A side note: there are some countries I don't ship to anymore (usually the ones where the amount of fraud was too high or too many lost packages). If you don't have a shipping option during the checkout, contact me and we can figure out a different shipping arrangement (i.e. use UPS, DHL, etc.). Those will likely be much more expensive than USPS, thus no 10% on international shipping.

_Also, I will not send anything to South Africa, Brazil, Russia, and Belarus, regardless of the shipping service. Over the years I had to refund 100% of the orders, and I can't keep doing this._

Hopefully this helps
Regards
Yuriy

P.S. I have no clue how to make this "sticky". If you do, please let me know.


----------



## DavidR8 (Jul 22, 2022)

Made it a sticky for you Yuriy


----------



## ycroosh (Jul 26, 2022)

DavidR8 said:


> Made it a sticky for you Yuriy


Thank you


----------



## Gnpenning (Jul 26, 2022)

For us tech challenged ones can you provide a link to your site?


----------



## DavidR8 (Jul 26, 2022)

Gnpenning said:


> For us tech challenged ones can you provide a link to your site?

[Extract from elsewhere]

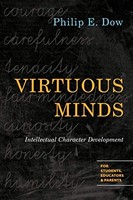 Virtuous Minds (Paperback)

						TouchDRO - Wireless DIY DRO
					

TouchDRO is a customizable DIY DRO for machine shop hobbyists and enthusiasts that offers professional DRO features at a fraction of the cost.



					www.touchdro.com


----------



## dewbane (Sep 20, 2022)

ycroosh said:


> _Also, I will not send anything to South Africa, Brazil, Russia, and Belarus, regardless of the shipping service. Over the years I had to refund 100% of the orders, and I can't keep doing this._


I from the Brazilian South African Belorussian Republic of Russia, and I wants to buying 10 thousands of your board units, but you has to sending me banking account knoweldge so that I sending you pay. Please sending banking account knowledge to totally.honest.good.looking.guy@not.spam.com

Thanking for send to info. I sending you pay immediate.


----------



## dewbane (Sep 20, 2022)

dewbane said:


> I from the Brazilian South African Belorussian Republic of Russia, and I wants to buying 10 thousands of your board units, but you has to sending me banking account knoweldge so that I sending you pay. Please sending banking account knowledge to totally.honest.good.looking.guy@not.spam.com
> 
> Thanking for send to info. I sending you pay immediate.


On a side note: Welcome to my dating life. "Wife leaving you not good is. I meeting to you wanting are so making the very warm time we is. I needing are am to send for gasoline in order travelling is to locate you for the very warm time. Giving is you me the gas bill for to meeting so making the we is times hot. I so excite, and pleasant to meeting. Is receive I am account informatic, I traveling meet to is when gets I is the gas bill."


----------